RECORDS SUPPLIED:
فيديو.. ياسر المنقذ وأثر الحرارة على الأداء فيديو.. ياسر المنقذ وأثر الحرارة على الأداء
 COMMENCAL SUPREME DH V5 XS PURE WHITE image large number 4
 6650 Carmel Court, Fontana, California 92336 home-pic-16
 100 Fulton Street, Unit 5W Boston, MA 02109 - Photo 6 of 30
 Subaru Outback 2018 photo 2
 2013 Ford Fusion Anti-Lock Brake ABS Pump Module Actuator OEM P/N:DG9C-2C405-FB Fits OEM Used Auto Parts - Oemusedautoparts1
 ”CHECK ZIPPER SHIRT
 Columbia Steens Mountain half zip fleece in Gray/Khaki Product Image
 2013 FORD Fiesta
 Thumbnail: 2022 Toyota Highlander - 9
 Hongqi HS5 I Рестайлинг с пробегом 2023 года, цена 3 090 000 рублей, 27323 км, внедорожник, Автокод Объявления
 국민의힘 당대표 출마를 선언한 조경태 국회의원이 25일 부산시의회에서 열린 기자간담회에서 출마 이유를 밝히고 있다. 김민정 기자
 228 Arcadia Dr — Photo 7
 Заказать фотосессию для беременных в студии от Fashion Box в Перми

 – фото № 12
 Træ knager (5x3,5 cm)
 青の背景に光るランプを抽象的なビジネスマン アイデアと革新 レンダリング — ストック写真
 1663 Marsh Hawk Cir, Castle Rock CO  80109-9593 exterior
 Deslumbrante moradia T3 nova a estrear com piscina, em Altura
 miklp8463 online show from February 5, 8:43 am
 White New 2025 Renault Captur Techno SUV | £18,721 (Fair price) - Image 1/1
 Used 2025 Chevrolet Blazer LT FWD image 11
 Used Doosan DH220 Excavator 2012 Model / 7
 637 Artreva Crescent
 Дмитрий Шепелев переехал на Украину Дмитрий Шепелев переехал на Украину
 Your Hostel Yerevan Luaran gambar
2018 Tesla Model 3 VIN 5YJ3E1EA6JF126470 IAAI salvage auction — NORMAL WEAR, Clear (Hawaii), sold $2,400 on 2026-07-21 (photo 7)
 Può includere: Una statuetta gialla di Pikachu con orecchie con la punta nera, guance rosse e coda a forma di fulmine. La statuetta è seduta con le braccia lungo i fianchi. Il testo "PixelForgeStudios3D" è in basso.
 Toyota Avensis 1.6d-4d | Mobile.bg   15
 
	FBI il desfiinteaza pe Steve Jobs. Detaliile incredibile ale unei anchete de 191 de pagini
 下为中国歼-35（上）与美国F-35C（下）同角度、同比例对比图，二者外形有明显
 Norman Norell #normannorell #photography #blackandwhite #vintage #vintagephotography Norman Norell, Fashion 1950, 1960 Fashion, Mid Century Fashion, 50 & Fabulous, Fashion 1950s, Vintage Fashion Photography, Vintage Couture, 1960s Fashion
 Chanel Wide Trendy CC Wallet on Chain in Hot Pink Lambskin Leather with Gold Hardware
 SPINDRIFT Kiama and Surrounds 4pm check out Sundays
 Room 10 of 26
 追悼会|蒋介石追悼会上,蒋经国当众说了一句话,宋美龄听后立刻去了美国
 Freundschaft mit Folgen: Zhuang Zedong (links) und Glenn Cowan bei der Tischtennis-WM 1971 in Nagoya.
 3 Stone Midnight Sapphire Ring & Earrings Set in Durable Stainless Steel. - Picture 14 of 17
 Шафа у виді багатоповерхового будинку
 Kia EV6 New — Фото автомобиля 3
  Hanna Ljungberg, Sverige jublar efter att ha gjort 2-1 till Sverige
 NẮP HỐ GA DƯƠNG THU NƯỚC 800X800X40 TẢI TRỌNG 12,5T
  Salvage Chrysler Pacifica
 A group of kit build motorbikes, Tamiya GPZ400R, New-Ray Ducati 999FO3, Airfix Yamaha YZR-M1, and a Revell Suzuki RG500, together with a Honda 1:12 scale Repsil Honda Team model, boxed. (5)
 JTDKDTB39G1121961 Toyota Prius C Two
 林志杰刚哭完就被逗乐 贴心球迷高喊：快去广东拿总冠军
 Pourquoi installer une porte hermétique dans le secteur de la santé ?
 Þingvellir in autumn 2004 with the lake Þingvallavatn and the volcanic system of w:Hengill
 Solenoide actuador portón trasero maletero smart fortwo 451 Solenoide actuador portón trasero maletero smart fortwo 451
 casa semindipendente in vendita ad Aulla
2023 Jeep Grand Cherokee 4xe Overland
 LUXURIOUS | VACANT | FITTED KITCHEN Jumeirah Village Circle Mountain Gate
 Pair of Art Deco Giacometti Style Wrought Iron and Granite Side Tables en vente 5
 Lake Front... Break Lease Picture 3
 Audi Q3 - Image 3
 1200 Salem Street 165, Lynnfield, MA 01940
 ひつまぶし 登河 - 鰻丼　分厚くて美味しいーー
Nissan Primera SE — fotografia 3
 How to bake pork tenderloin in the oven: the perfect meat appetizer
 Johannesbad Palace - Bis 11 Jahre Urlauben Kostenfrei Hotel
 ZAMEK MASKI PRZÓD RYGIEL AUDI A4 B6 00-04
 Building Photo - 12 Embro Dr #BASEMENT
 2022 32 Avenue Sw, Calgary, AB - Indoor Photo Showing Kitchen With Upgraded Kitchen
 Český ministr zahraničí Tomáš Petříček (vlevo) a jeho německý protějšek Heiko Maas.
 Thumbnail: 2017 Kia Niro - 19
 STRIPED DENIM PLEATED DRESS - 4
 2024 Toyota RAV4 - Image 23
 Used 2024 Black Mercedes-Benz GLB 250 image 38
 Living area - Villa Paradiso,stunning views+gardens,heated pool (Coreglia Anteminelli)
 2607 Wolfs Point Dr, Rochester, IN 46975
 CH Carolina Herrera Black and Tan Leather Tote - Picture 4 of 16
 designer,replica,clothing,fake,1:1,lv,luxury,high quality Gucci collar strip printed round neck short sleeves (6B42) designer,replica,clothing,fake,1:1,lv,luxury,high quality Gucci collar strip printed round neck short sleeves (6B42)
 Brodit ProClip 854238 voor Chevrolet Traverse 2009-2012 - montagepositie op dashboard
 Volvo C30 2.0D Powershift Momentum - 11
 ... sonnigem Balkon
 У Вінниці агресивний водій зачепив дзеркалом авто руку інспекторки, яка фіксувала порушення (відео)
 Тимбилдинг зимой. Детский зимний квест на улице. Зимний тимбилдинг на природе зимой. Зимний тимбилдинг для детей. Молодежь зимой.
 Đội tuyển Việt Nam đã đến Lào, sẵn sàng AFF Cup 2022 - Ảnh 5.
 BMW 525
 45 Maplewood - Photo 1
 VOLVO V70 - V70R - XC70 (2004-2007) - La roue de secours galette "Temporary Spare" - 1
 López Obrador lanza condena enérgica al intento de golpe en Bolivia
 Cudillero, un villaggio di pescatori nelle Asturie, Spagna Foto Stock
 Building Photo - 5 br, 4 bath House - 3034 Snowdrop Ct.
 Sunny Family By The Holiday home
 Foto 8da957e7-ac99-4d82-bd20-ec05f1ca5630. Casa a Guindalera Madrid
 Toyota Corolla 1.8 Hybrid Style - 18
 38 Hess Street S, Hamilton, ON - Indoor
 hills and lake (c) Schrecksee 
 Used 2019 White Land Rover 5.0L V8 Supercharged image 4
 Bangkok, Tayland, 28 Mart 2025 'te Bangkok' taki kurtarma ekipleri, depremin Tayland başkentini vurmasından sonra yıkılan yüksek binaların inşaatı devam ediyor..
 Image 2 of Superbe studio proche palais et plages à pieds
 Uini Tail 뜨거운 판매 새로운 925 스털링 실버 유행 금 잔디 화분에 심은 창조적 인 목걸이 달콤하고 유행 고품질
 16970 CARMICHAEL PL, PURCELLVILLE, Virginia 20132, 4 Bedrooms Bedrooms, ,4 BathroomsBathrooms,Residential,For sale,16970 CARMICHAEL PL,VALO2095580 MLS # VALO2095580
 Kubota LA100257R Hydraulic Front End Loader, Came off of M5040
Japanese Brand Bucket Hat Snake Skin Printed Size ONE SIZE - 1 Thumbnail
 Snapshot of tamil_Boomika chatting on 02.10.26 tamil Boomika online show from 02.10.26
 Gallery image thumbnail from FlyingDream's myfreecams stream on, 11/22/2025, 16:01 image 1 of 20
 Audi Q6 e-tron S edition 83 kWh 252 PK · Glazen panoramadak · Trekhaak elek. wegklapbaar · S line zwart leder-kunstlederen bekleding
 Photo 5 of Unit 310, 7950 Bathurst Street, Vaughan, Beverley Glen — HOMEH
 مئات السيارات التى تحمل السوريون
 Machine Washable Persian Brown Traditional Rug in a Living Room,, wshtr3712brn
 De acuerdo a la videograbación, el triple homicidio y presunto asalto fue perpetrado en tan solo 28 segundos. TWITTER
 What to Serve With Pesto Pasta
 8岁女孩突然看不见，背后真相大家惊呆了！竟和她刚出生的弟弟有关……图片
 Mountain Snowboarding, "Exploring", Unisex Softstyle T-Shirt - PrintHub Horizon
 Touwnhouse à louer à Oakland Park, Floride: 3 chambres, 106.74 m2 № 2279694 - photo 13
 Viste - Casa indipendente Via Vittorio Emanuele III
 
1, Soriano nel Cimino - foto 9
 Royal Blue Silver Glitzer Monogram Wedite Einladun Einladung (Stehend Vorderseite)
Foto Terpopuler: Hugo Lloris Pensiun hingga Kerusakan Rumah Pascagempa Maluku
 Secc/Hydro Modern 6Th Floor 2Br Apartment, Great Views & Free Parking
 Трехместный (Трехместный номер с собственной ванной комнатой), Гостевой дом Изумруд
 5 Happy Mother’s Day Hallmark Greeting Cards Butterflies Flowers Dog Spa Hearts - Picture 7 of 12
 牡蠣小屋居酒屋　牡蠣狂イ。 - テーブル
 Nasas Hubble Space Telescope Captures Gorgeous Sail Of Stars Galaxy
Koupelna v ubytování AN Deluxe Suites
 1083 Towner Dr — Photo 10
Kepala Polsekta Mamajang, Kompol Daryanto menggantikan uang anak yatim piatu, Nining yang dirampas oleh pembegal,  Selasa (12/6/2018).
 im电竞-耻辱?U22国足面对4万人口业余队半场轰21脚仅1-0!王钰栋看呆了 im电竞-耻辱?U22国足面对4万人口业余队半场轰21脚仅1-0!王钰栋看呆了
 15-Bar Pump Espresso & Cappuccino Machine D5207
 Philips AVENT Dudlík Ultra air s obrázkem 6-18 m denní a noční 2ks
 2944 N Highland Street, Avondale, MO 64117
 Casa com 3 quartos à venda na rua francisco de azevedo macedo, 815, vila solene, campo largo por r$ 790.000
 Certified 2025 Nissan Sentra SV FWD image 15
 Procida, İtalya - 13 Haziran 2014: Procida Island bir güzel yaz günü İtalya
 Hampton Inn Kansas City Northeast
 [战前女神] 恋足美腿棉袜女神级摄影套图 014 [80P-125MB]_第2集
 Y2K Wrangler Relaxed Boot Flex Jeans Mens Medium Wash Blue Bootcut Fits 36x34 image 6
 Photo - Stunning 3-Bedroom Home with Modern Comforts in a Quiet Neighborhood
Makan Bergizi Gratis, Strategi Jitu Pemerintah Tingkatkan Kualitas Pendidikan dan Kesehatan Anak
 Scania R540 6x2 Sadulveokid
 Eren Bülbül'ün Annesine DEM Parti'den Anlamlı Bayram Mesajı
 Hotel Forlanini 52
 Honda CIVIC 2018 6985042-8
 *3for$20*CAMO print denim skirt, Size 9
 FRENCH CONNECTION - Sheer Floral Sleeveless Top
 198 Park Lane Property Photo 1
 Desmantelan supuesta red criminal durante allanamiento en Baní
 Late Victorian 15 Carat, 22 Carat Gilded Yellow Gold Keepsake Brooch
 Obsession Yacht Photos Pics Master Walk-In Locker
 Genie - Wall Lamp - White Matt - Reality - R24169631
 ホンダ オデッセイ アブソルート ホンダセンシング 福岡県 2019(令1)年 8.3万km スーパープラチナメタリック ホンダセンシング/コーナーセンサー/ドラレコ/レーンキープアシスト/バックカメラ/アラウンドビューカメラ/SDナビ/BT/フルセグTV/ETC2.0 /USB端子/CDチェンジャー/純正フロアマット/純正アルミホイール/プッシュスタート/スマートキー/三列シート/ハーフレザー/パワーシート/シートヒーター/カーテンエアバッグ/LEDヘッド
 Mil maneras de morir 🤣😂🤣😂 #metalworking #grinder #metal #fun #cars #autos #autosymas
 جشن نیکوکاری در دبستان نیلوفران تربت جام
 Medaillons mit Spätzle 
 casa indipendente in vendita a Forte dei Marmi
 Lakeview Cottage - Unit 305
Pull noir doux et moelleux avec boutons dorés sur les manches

EXERCISE: Extract exactly and only the lines above from the line containing "fortwo 451 Solenoide" through the line containing "1200 Salem Street 165, Lynnfield, MA 01940", both end lines included.

WRITTEN ANSWER:
 Solenoide actuador portón trasero maletero smart fortwo 451 Solenoide actuador portón trasero maletero smart fortwo 451
 casa semindipendente in vendita ad Aulla
2023 Jeep Grand Cherokee 4xe Overland
 LUXURIOUS | VACANT | FITTED KITCHEN Jumeirah Village Circle Mountain Gate
 Pair of Art Deco Giacometti Style Wrought Iron and Granite Side Tables en vente 5
 Lake Front... Break Lease Picture 3
 Audi Q3 - Image 3
 1200 Salem Street 165, Lynnfield, MA 01940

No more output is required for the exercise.